Annotations № 6 / 2014
INTERNATIONAL LAW
Ispolinov A. S. (Moscow, Moscow State University, e-mail: ispolin@lexinvest.ru) Jus cogens norms in judgments of international and national courts
The author examines the development of the jus cogens doctrine in judgments of international and national courts. A list of norms treated as peremptory is widening, as well as a vertical application of jus cogens norms by courts is brought into use in order to nullify domestic legal acts.
Key words: jus cogens, imperative norms, courts, horizontal and vertical application
Vasyaev A. A. (Moscow, Moscow City Bar Association, e-mail: mail@advokat-vasyaev.ru), Kurdyukov G. I. (Kazan, Kazan (Volga) Federal University, e-mail: kurdykov@rambler.ru), Knyazkin S. A. (Moscow, Center for International Human Rights of Mikhail Trepashkin, e-mail: knazkins@gmail.com) Motivated judgments in the light of standards of the European Court of Human Rights
On the basis of judgments of the European Court of Human Rights a motivation criterion is considered and the need to entrench it in the Russian legislation is proved. The authors argue that motivated petition judgments can make the rule of law in criminal proceedings stronger and the protection of rights and legitimate interests of the parties more efficient.

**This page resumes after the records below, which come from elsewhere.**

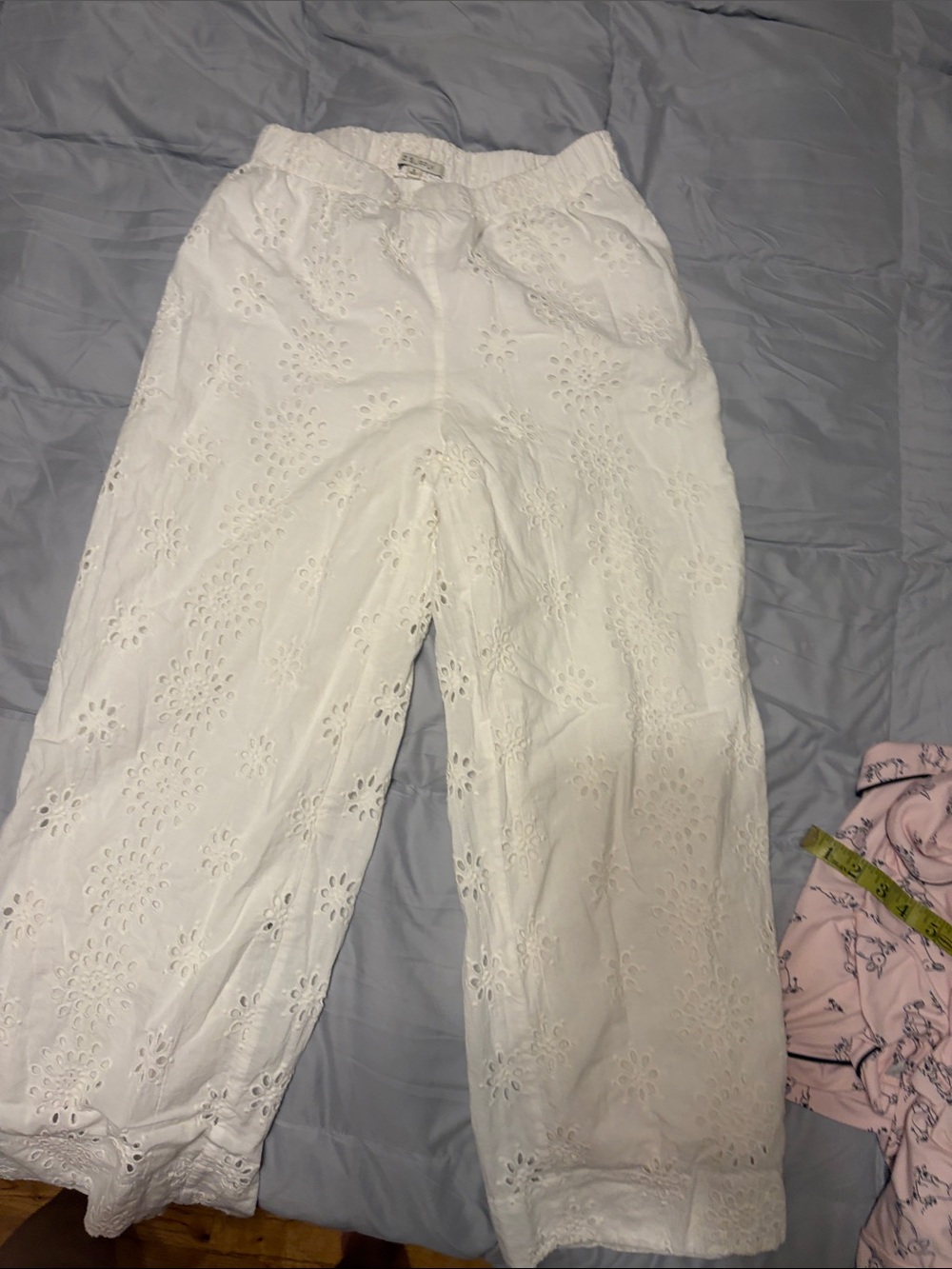 Z Supply White Eyelet Wide-Leg Pants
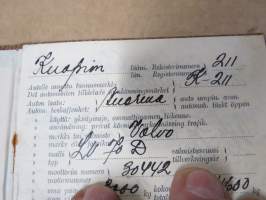 Volvo LV 70 D kuomrma-auto - K-211, Posti- ja lennätinhallitus - Kuopion Posti- ja lennätinkonttori, 18.6.1947 ja katsastuksia myöh. -rekisteriote / registerutdrag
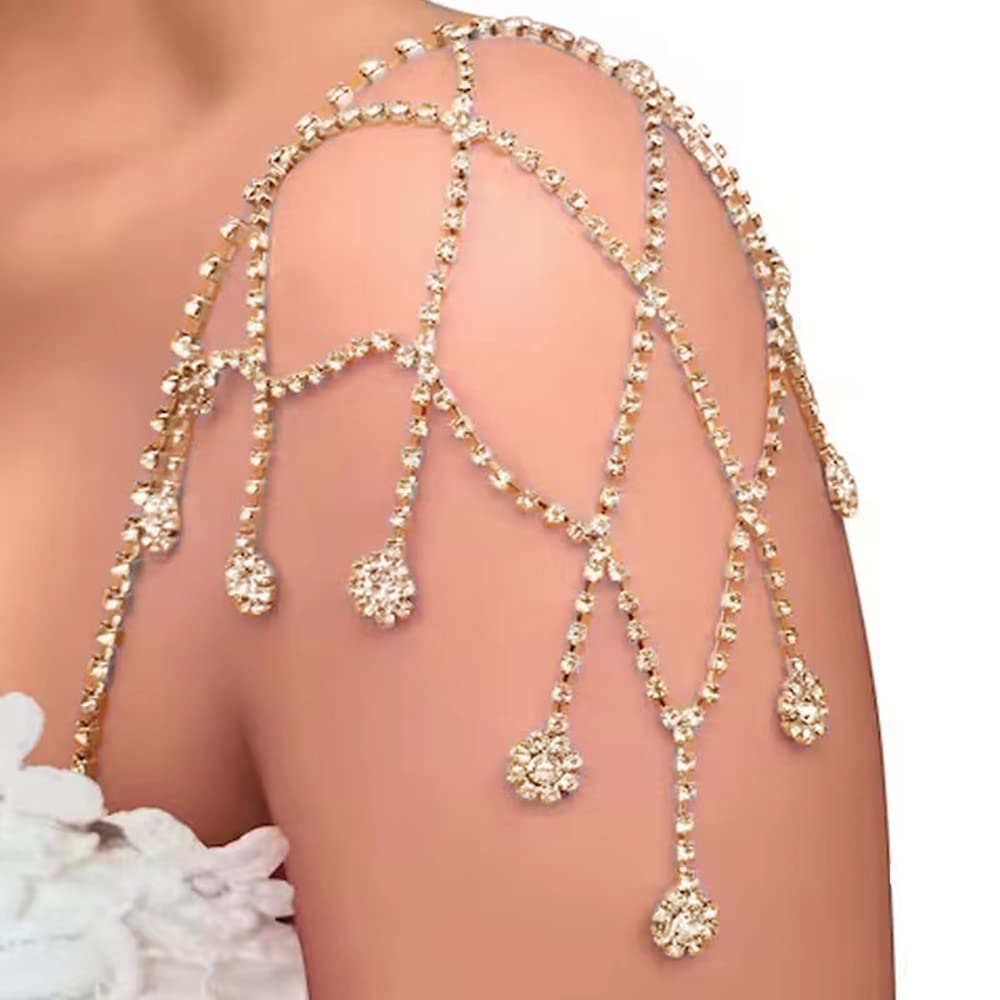 Crystal Rhinestone Fringe Tassel Shoulder Body Chain — Gold
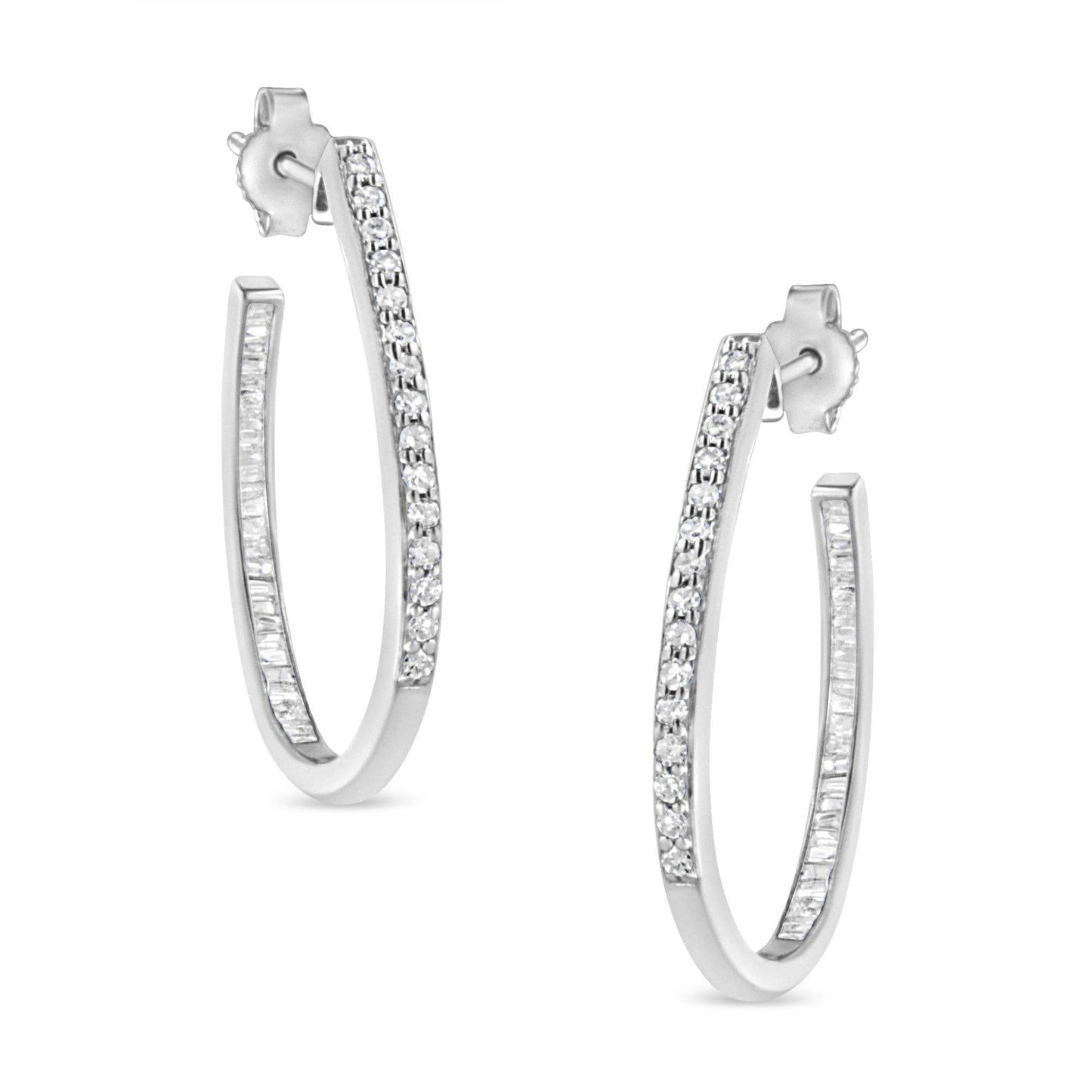 .925 Sterling Silver 1/2 Cttw Round and Baguette-Cut Diamond Inside-Outside Hoop Earrings (H-I Color, I1-I2 Clarity) - Bijoux-NYC Direct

Key words: trial, judgment, violation of law, human rights, standards of the European Court of Human Rights
Salikov M. S. (Yekaterinburg, Urals State Law University, e-mail: kp@usla.ru) International treaties of the Russian Federation as the objects of constitutional judicial control
Judicial review of constitutionality of Russian international treaties by the Constitutional Court of the RF is considered. The author analyzes judgments of the Constitutional Court delivered according to results of such review of treaties, in particular the agreement on the accession of the Russian Federation to the World Trade Organization and the agreement on the accession of the Republic of Crimea to the Russian Federation and on forming new constituent entities within the RF.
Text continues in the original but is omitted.